_What needs to be done:_ Below are the records; repeat exactly their lines between the line holding "2011款保时捷Cayenne" and the line holding "13 Agustus 2025", inclusive, skipping the pictures.

_Data provided:_
_____

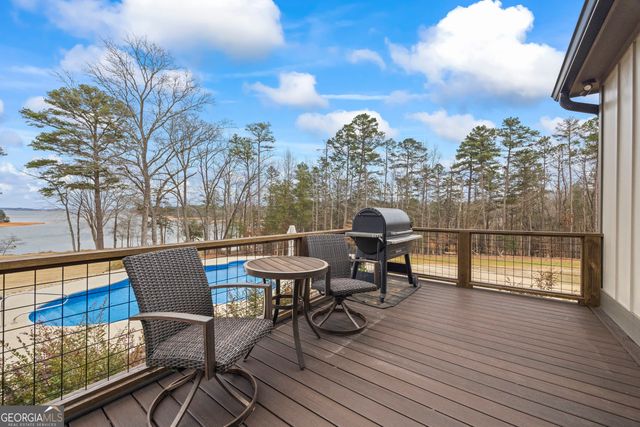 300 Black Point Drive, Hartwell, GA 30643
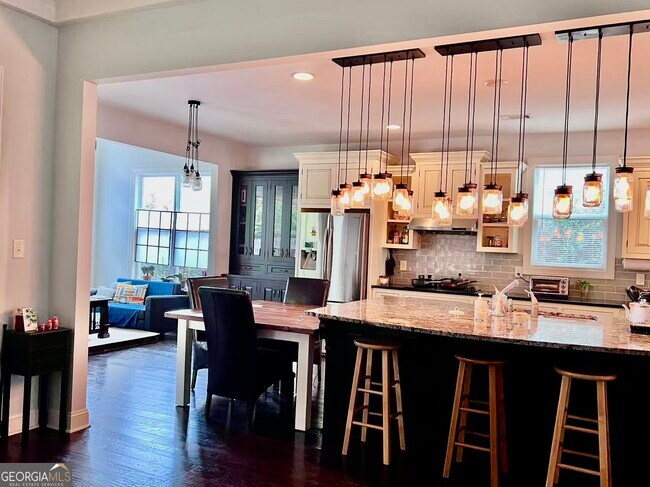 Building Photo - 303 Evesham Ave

_____

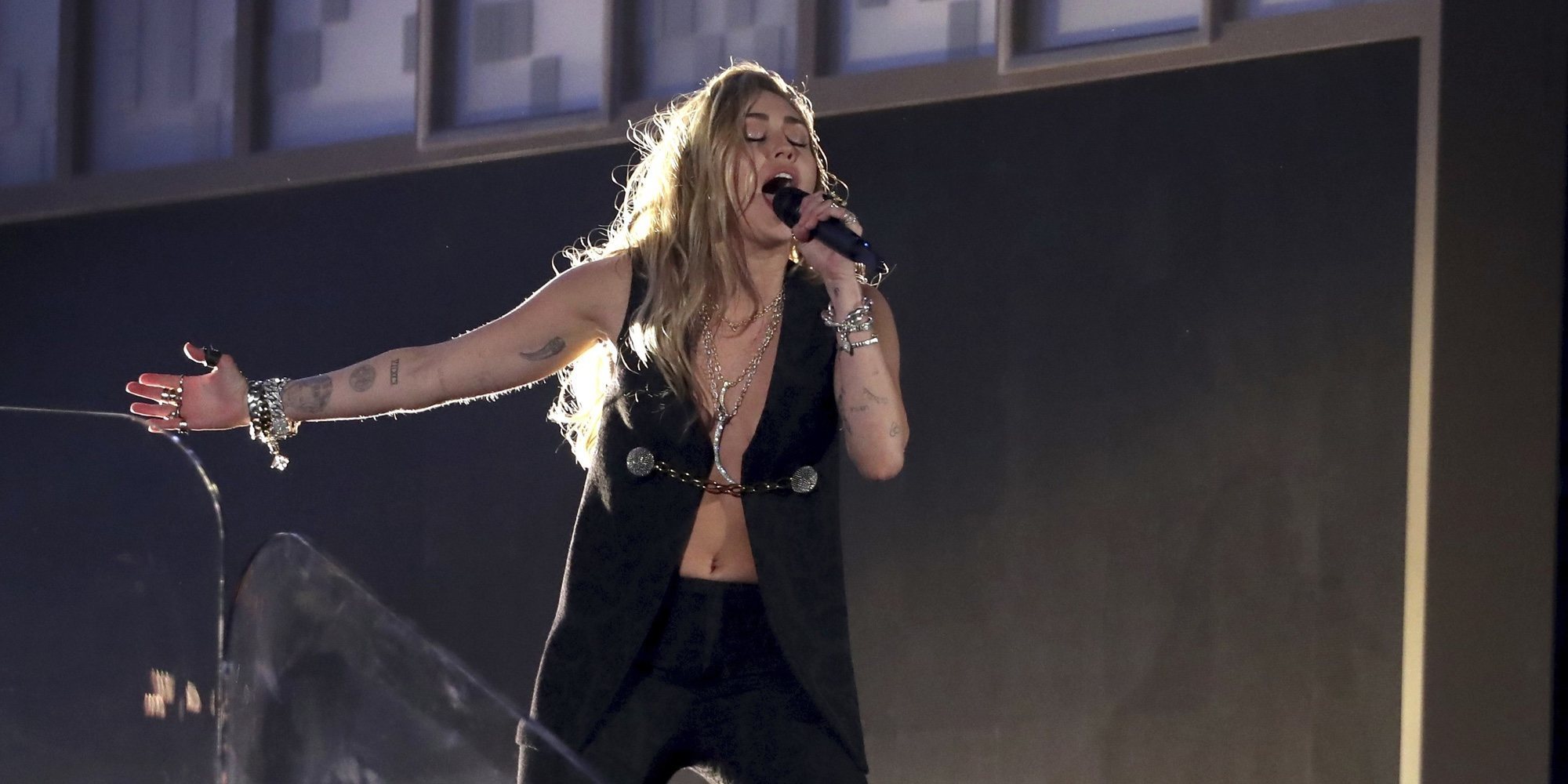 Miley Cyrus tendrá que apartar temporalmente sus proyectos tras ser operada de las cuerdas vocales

_____

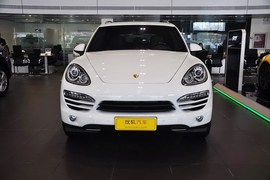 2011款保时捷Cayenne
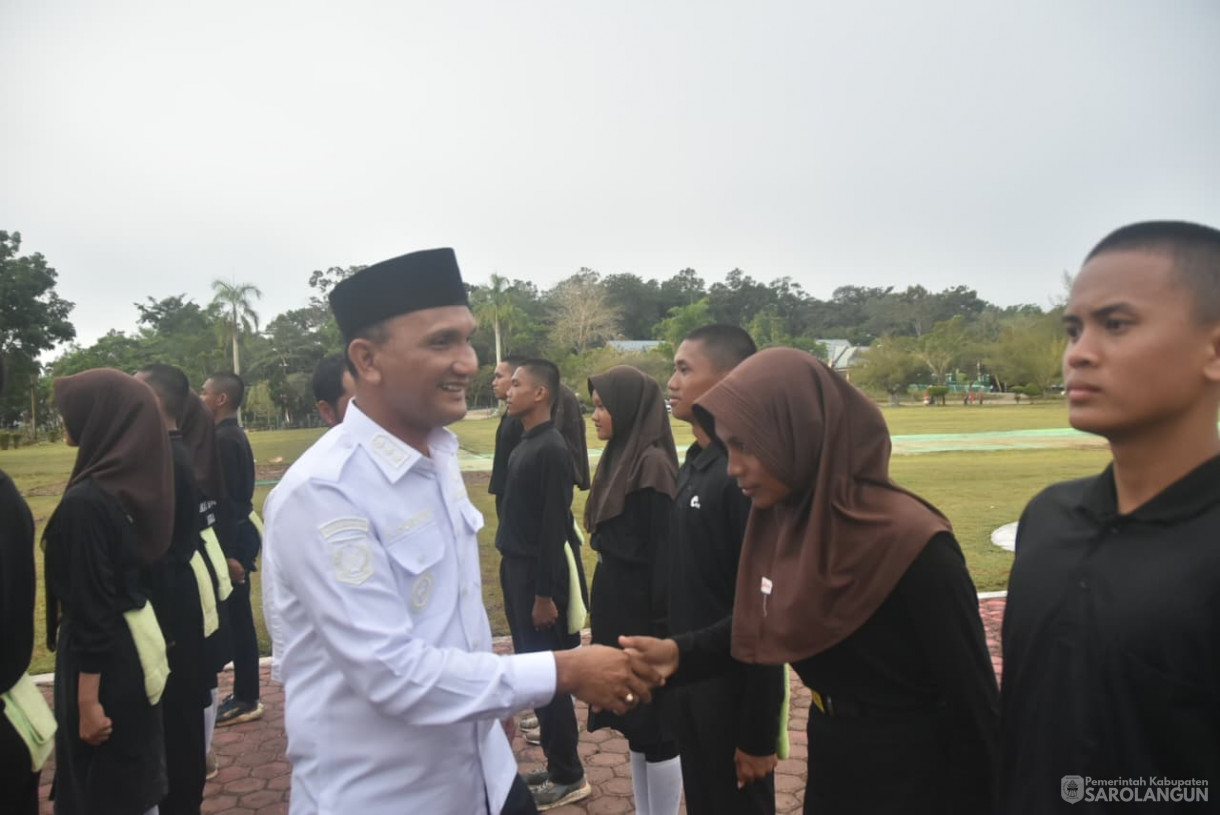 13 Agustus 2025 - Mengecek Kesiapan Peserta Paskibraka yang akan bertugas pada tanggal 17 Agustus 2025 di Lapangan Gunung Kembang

_____

_Response to this task:_
 2011款保时捷Cayenne
 13 Agustus 2025 - Mengecek Kesiapan Peserta Paskibraka yang akan bertugas pada tanggal 17 Agustus 2025 di Lapangan Gunung Kembang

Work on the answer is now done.